**DATA SHOWN:**
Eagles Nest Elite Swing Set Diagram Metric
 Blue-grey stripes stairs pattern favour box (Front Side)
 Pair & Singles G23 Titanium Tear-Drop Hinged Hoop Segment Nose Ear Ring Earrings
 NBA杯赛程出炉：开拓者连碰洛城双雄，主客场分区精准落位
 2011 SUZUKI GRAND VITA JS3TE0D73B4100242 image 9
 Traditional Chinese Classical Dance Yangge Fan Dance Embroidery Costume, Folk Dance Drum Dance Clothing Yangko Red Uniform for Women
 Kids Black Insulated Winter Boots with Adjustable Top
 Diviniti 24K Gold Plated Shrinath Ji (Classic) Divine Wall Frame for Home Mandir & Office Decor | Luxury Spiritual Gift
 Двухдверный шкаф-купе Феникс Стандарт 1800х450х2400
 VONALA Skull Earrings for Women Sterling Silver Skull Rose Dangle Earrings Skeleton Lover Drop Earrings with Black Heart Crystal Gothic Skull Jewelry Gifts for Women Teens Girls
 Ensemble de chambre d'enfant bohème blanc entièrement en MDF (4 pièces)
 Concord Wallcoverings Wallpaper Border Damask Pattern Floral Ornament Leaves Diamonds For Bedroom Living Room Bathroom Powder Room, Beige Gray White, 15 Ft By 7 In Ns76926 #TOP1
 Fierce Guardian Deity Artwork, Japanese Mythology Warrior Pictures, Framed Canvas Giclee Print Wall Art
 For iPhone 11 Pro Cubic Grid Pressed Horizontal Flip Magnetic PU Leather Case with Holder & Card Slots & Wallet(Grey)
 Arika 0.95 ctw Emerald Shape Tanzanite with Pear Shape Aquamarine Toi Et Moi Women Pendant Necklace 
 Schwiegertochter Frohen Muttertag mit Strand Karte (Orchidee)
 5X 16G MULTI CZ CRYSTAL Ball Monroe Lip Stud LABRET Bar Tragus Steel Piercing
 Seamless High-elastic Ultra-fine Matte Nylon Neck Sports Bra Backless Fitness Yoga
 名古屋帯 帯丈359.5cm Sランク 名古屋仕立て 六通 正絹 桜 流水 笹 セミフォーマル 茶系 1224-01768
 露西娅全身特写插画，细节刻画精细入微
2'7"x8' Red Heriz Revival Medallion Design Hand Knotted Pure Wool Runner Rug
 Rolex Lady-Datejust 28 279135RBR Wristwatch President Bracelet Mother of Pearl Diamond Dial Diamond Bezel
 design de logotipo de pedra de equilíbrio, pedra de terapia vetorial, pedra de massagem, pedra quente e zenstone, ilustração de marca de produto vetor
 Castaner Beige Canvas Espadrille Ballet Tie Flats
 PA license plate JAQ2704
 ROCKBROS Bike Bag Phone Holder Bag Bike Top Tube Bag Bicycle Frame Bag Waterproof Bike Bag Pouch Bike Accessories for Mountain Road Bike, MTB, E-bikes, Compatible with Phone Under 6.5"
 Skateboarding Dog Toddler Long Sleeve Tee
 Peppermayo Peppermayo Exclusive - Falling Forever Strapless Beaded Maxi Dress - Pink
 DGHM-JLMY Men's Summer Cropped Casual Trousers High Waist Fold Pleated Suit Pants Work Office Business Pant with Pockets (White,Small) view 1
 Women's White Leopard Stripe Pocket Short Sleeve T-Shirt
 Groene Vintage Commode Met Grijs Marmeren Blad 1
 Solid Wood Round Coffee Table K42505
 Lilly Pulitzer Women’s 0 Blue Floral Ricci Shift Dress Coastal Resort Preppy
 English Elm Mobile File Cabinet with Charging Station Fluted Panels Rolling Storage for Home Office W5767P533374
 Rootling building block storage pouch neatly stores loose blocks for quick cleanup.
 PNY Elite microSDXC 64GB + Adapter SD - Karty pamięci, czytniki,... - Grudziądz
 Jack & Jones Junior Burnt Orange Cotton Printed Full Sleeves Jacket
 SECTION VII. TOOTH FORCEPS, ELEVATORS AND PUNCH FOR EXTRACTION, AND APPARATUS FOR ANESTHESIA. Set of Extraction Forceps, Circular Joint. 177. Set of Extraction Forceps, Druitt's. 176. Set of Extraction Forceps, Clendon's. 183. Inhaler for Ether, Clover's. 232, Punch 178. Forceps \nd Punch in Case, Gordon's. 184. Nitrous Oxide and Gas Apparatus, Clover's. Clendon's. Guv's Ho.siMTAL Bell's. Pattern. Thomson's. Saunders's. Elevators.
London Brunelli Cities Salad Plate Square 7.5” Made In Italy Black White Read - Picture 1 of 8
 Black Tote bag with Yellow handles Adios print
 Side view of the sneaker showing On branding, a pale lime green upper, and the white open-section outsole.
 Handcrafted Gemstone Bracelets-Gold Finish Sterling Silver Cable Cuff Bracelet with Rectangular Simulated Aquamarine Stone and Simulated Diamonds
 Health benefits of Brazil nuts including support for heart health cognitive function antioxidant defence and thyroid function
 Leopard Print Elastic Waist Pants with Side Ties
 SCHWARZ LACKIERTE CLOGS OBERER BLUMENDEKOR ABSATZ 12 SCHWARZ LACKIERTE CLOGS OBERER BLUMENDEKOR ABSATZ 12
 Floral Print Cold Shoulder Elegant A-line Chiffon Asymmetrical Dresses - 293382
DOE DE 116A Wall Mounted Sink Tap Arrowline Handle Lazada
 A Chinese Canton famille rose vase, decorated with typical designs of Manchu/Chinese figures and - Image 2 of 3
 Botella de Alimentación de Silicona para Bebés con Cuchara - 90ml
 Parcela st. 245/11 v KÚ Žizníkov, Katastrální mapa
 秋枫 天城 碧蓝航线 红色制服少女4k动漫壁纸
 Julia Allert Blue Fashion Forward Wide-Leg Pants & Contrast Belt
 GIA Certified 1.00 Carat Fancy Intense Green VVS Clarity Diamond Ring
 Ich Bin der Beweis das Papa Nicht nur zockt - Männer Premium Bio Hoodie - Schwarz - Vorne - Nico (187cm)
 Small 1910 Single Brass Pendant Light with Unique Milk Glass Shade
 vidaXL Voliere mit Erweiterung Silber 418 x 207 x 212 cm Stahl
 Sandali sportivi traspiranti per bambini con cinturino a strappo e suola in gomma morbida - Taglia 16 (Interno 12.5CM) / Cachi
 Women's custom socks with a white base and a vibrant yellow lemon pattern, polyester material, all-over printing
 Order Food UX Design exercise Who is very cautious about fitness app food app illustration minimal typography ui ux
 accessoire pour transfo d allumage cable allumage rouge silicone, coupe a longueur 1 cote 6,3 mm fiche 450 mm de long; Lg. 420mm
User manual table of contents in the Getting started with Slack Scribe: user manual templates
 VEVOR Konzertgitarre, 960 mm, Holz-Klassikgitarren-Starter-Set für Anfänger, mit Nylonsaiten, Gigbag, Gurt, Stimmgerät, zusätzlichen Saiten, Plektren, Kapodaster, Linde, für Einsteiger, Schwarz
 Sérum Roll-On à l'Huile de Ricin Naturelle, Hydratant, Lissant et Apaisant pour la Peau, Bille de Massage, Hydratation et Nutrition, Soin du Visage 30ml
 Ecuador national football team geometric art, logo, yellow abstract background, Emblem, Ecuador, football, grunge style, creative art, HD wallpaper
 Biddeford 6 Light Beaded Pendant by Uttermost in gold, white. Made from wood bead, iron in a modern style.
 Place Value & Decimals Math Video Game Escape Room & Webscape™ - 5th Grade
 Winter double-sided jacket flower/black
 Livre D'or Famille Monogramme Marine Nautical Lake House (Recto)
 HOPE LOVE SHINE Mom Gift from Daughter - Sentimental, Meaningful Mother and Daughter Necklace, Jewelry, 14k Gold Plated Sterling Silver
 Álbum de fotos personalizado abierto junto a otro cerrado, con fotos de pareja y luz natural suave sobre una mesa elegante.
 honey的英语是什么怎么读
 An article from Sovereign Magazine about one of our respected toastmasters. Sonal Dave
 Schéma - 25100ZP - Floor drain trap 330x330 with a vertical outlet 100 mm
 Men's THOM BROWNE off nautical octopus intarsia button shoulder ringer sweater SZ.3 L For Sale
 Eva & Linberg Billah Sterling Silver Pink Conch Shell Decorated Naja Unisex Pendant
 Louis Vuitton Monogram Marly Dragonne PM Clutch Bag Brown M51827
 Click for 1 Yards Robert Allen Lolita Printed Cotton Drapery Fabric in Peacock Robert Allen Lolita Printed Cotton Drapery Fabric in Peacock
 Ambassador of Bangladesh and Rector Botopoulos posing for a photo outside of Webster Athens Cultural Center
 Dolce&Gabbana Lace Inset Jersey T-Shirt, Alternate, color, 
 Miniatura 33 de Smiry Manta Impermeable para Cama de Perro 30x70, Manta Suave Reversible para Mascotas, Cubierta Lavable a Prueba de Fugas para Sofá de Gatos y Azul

**THE PROBLEM:** Every line above from the line with "Traditional Chinese Classical" to the line with "Concord Wallcoverings Wallpaper", inclusive, must be returned exactly; no other line belongs in the reply.

**ANSWER BOX:**
 Traditional Chinese Classical Dance Yangge Fan Dance Embroidery Costume, Folk Dance Drum Dance Clothing Yangko Red Uniform for Women
 Kids Black Insulated Winter Boots with Adjustable Top
 Diviniti 24K Gold Plated Shrinath Ji (Classic) Divine Wall Frame for Home Mandir & Office Decor | Luxury Spiritual Gift
 Двухдверный шкаф-купе Феникс Стандарт 1800х450х2400
 VONALA Skull Earrings for Women Sterling Silver Skull Rose Dangle Earrings Skeleton Lover Drop Earrings with Black Heart Crystal Gothic Skull Jewelry Gifts for Women Teens Girls
 Ensemble de chambre d'enfant bohème blanc entièrement en MDF (4 pièces)
 Concord Wallcoverings Wallpaper Border Damask Pattern Floral Ornament Leaves Diamonds For Bedroom Living Room Bathroom Powder Room, Beige Gray White, 15 Ft By 7 In Ns76926 #TOP1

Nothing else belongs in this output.